**What this task involves:**
Return all the lines below exactly as written. Drop every picture.

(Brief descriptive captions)
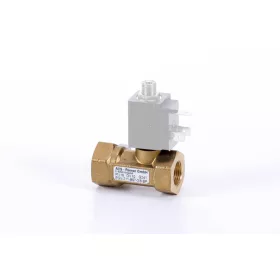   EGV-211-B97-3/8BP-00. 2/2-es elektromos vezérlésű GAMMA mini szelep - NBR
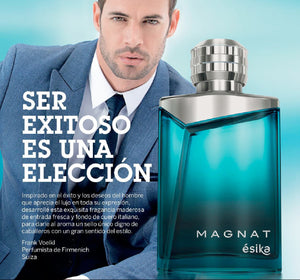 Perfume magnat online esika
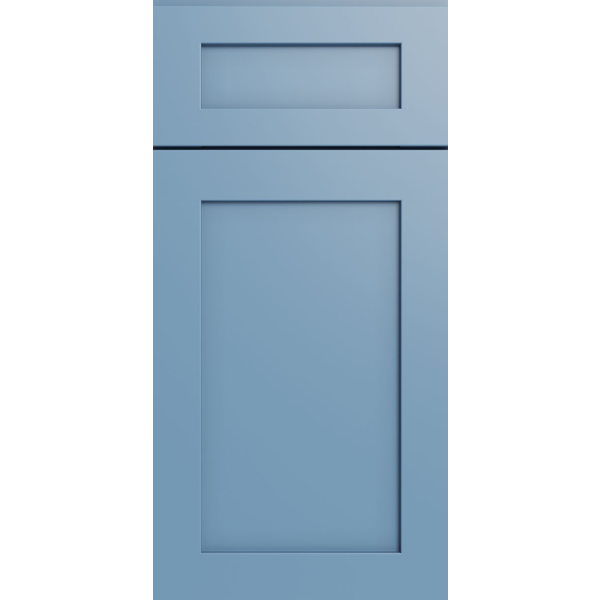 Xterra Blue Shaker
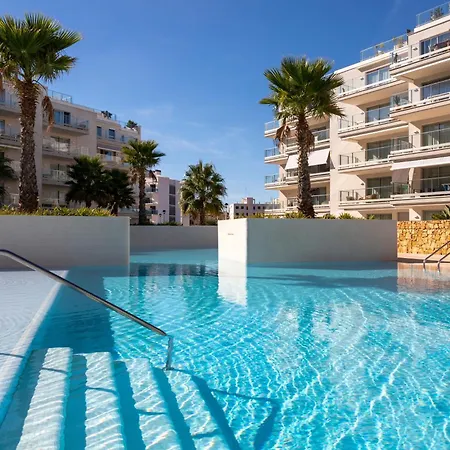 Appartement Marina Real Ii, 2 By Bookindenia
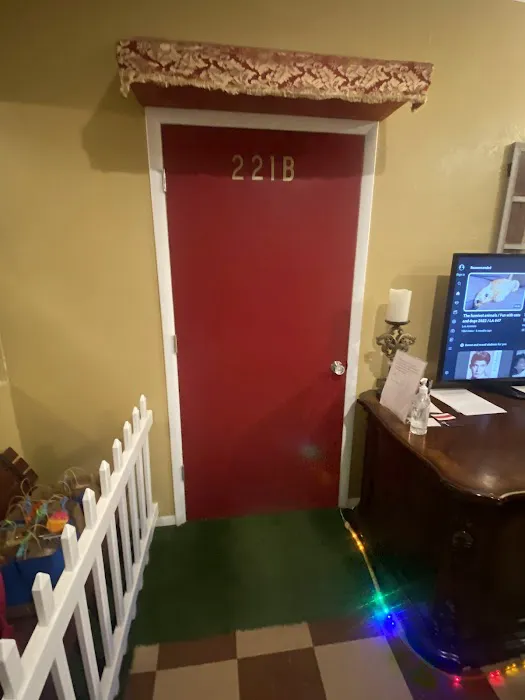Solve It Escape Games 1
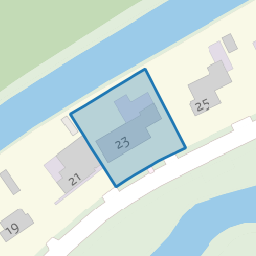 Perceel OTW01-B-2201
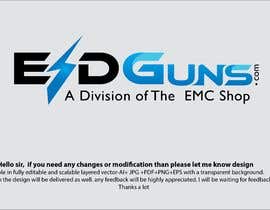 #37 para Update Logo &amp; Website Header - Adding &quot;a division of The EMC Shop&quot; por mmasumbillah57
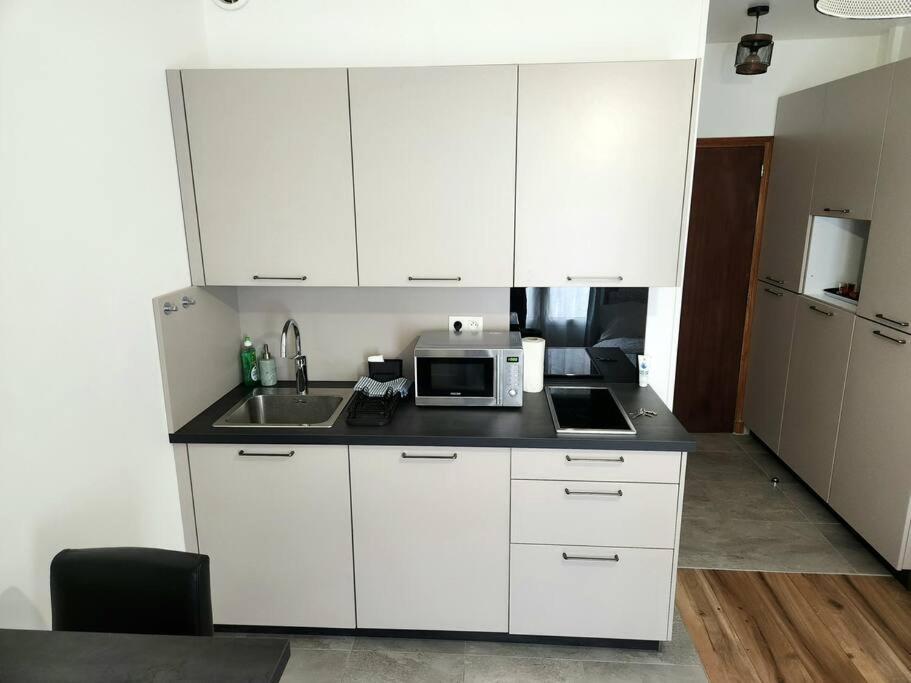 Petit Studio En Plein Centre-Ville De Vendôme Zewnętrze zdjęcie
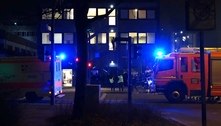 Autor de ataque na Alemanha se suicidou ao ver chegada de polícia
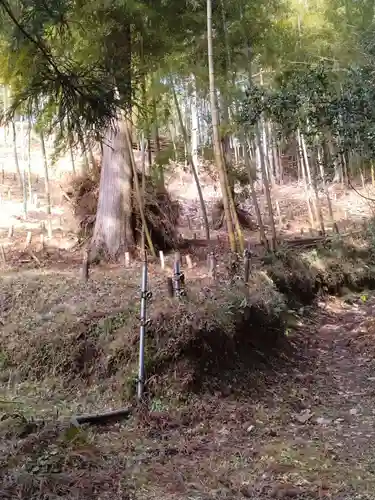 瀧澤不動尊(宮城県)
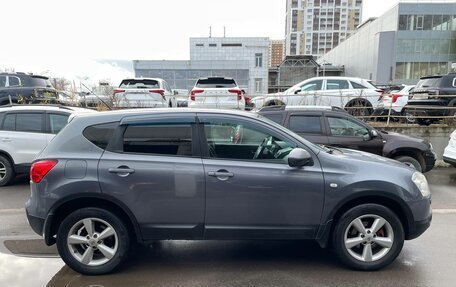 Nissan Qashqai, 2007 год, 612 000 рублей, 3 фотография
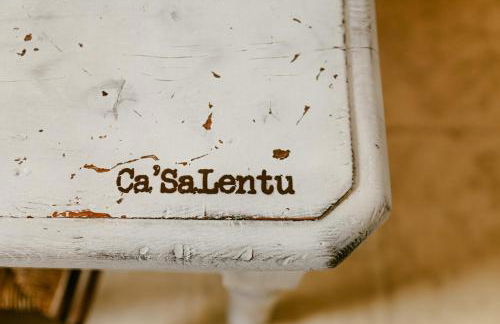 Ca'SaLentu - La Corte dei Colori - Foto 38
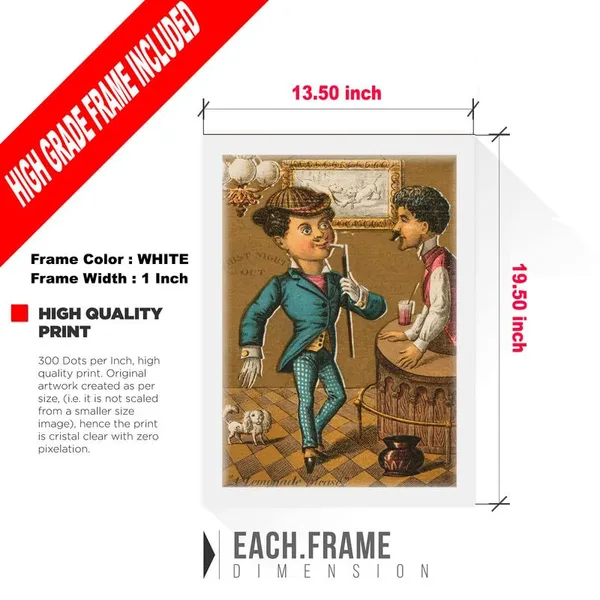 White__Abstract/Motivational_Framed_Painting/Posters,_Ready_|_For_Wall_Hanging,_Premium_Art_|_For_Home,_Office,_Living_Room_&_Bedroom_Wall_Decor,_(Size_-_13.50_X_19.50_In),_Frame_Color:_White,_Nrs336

**Exercise answer:**
   EGV-211-B97-3/8BP-00. 2/2-es elektromos vezérlésű GAMMA mini szelep - NBR
 Perfume magnat online esika
 Xterra Blue Shaker
 Appartement Marina Real Ii, 2 By Bookindenia
Solve It Escape Games 1
 Perceel OTW01-B-2201
 #37 para Update Logo &amp; Website Header - Adding &quot;a division of The EMC Shop&quot; por mmasumbillah57
 Petit Studio En Plein Centre-Ville De Vendôme Zewnętrze zdjęcie
 Autor de ataque na Alemanha se suicidou ao ver chegada de polícia
 瀧澤不動尊(宮城県)
 Nissan Qashqai, 2007 год, 612 000 рублей, 3 фотография
 Ca'SaLentu - La Corte dei Colori - Foto 38
 White__Abstract/Motivational_Framed_Painting/Posters,_Ready_|_For_Wall_Hanging,_Premium_Art_|_For_Home,_Office,_Living_Room_&_Bedroom_Wall_Decor,_(Size_-_13.50_X_19.50_In),_Frame_Color:_White,_Nrs336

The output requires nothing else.